## Instructions to follow
Transcribe only the part of the material below that begins at the line containing "Černobílá elektrická kytara" and ends at the line containing "NWT Zayan Lime", with both kept and images left out.

## Source information
+---+

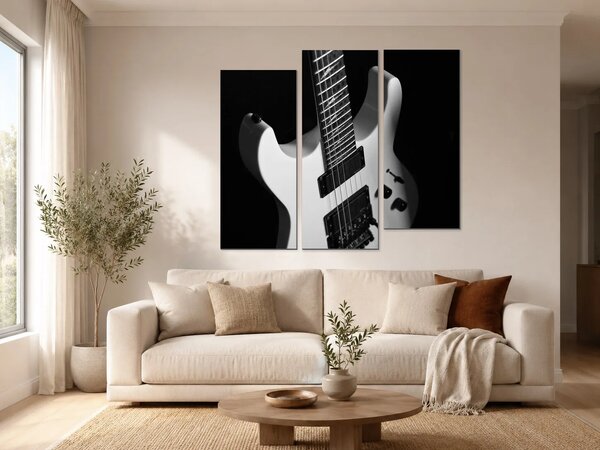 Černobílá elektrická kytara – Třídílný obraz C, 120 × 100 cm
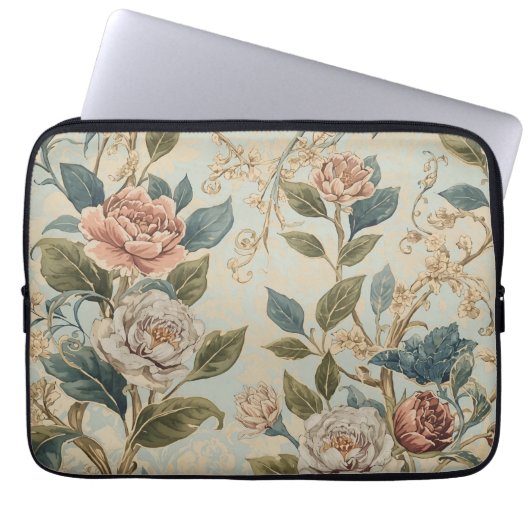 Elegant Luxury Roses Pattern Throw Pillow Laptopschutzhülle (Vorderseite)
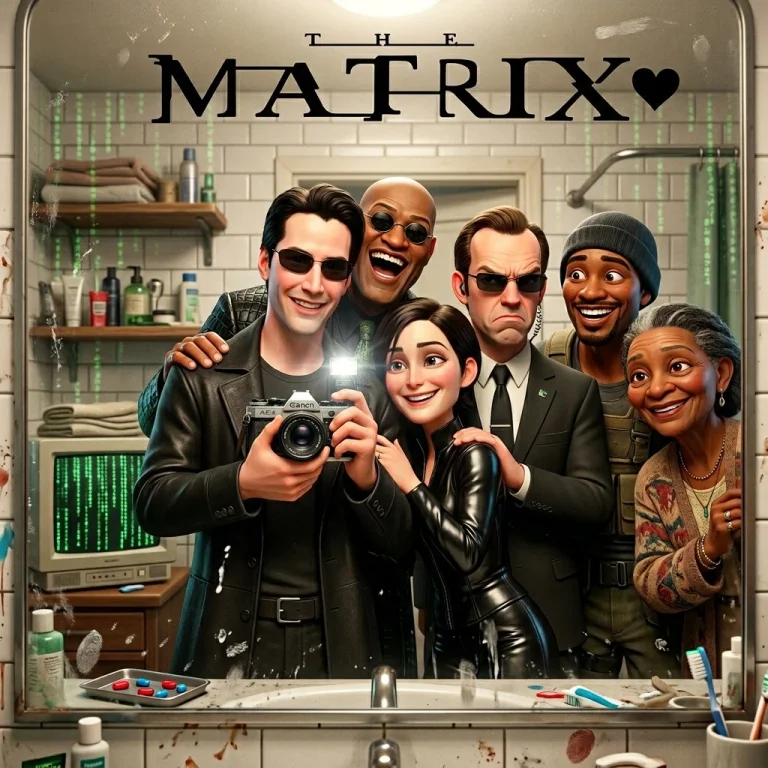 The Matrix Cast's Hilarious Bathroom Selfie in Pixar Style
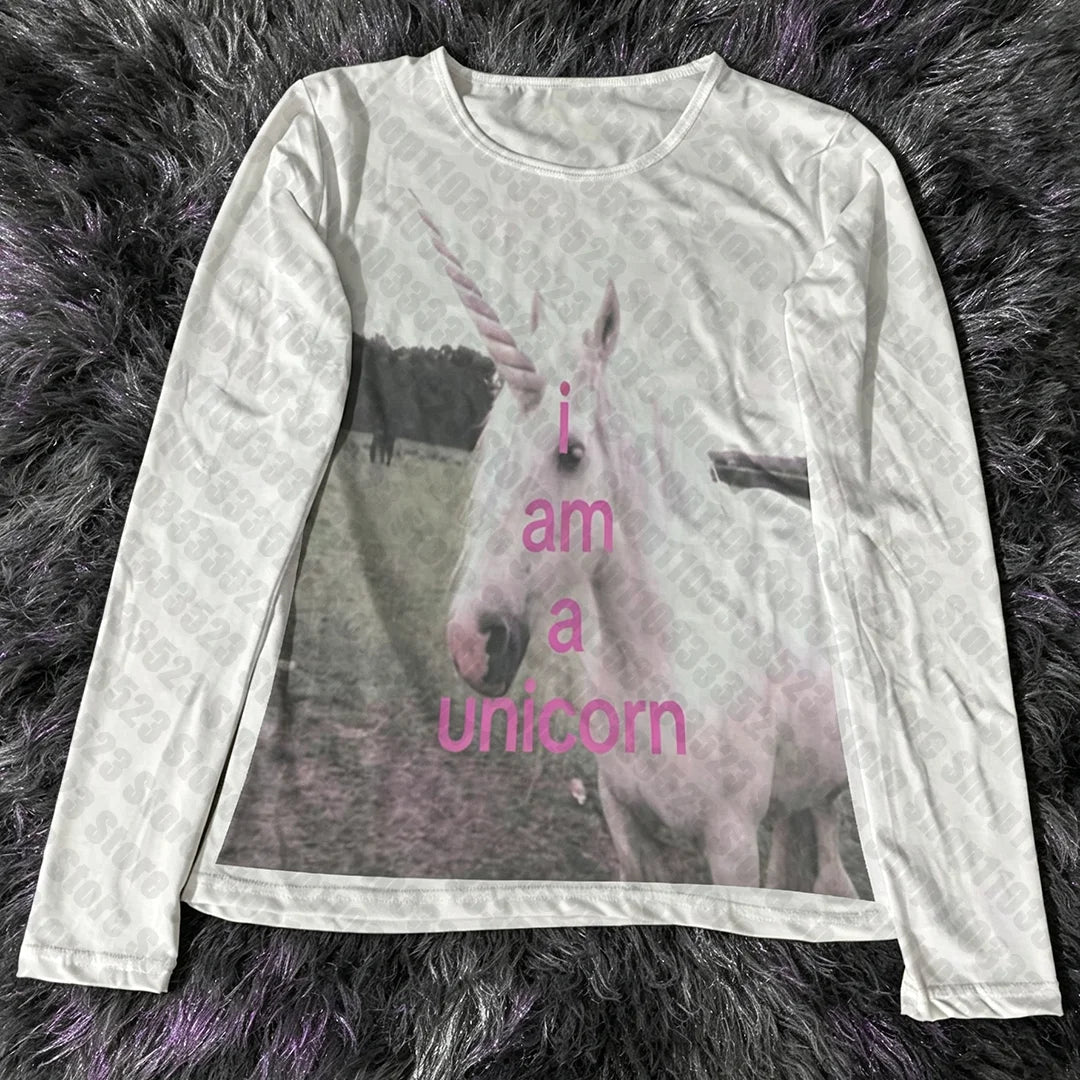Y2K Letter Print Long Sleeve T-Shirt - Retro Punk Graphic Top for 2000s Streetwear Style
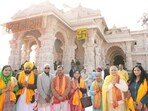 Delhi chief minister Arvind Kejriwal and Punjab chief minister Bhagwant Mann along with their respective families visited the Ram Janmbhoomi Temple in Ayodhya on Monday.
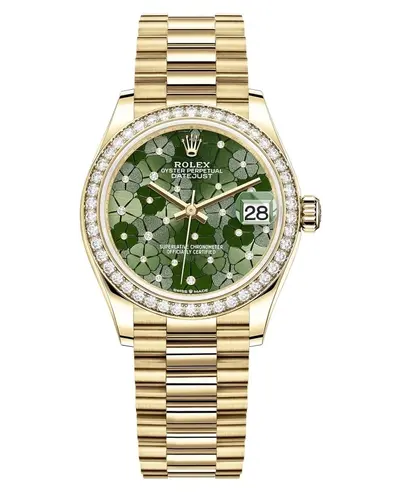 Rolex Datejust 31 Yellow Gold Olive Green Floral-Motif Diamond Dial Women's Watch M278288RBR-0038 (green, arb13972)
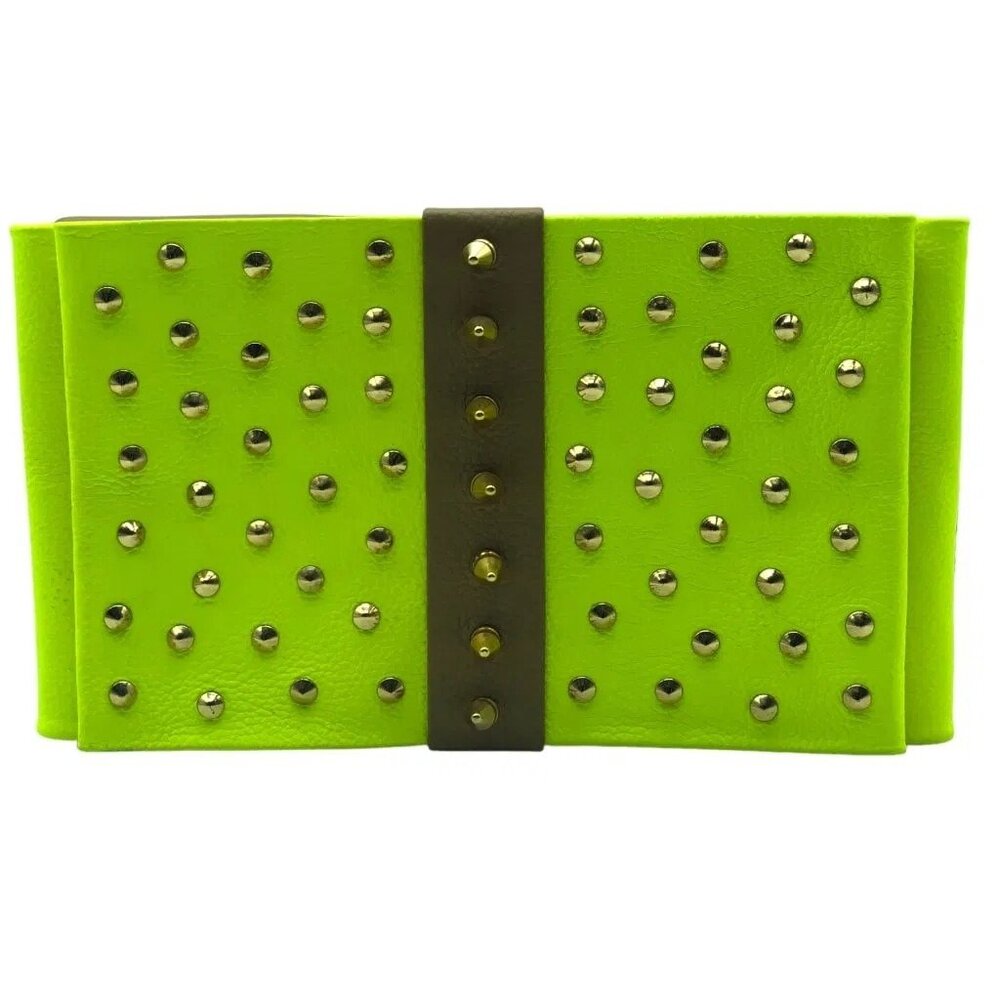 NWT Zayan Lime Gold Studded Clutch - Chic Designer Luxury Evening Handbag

+---+

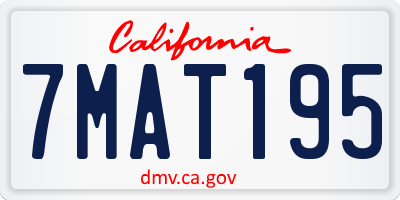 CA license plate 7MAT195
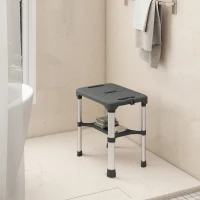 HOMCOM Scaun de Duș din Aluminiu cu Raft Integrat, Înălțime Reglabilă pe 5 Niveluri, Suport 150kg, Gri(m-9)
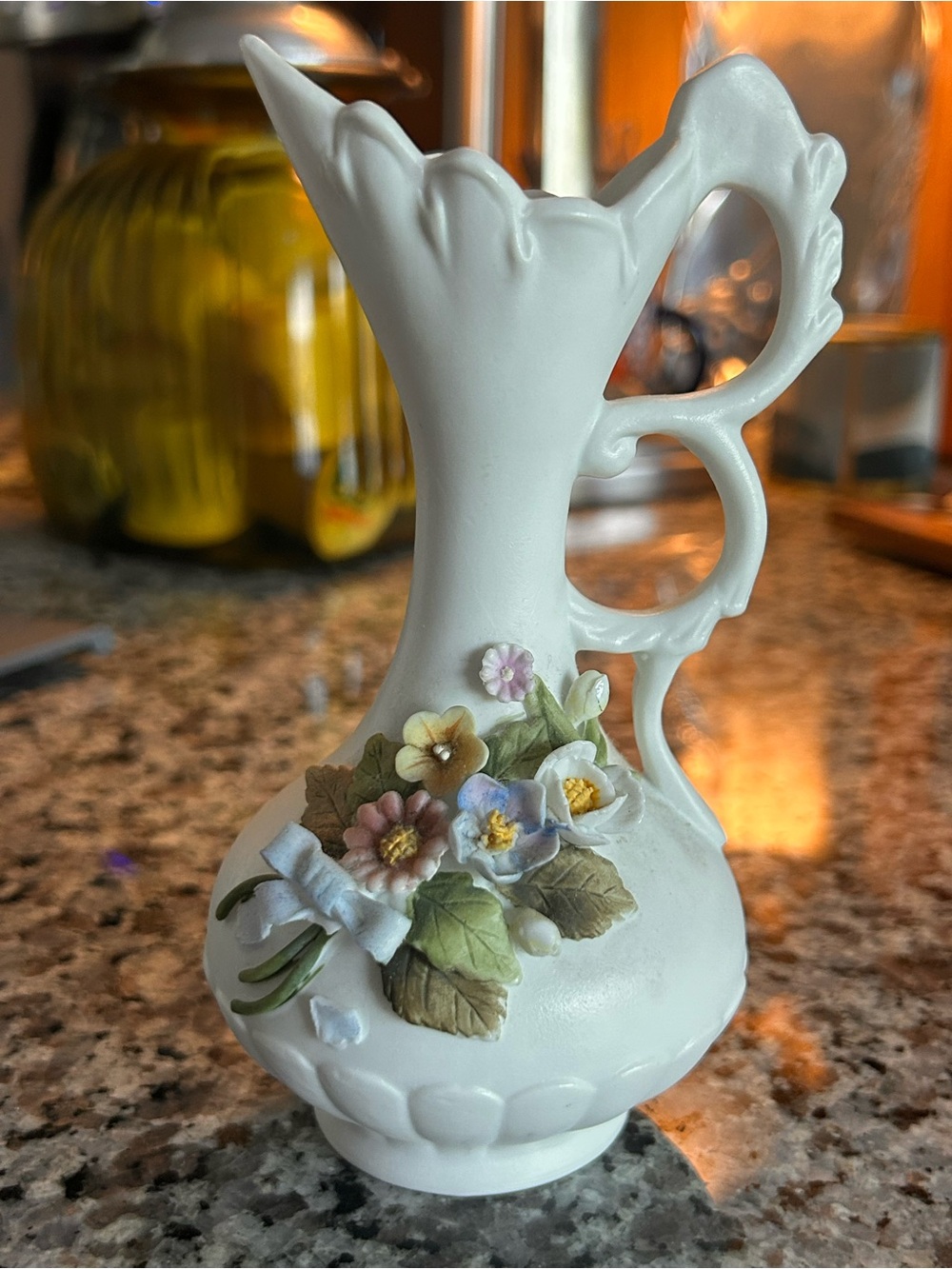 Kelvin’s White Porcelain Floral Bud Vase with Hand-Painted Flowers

+---+

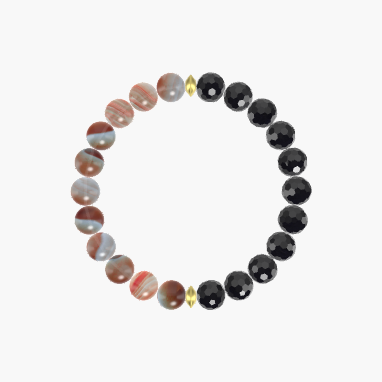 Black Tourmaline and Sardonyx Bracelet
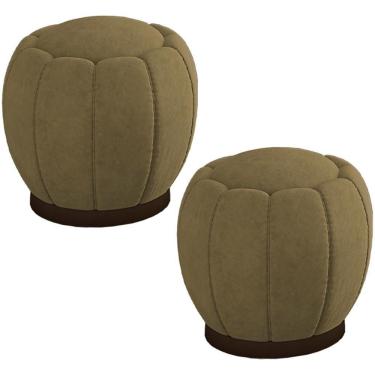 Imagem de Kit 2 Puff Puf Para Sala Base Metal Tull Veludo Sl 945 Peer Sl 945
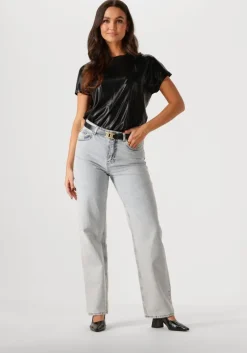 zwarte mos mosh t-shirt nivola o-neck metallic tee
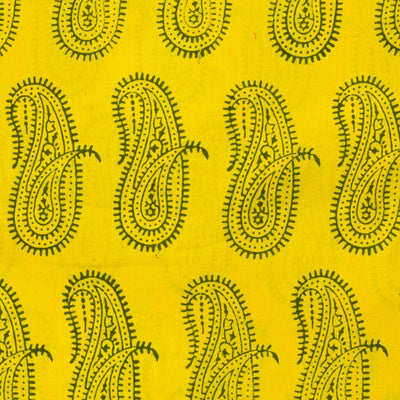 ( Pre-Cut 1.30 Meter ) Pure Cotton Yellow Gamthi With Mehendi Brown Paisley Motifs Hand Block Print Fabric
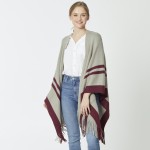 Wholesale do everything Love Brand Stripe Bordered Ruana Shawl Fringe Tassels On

+---+

## Task answer
 Černobílá elektrická kytara – Třídílný obraz C, 120 × 100 cm
 Elegant Luxury Roses Pattern Throw Pillow Laptopschutzhülle (Vorderseite)
 The Matrix Cast's Hilarious Bathroom Selfie in Pixar Style
Y2K Letter Print Long Sleeve T-Shirt - Retro Punk Graphic Top for 2000s Streetwear Style
 Delhi chief minister Arvind Kejriwal and Punjab chief minister Bhagwant Mann along with their respective families visited the Ram Janmbhoomi Temple in Ayodhya on Monday.
 Rolex Datejust 31 Yellow Gold Olive Green Floral-Motif Diamond Dial Women's Watch M278288RBR-0038 (green, arb13972)
 NWT Zayan Lime Gold Studded Clutch - Chic Designer Luxury Evening Handbag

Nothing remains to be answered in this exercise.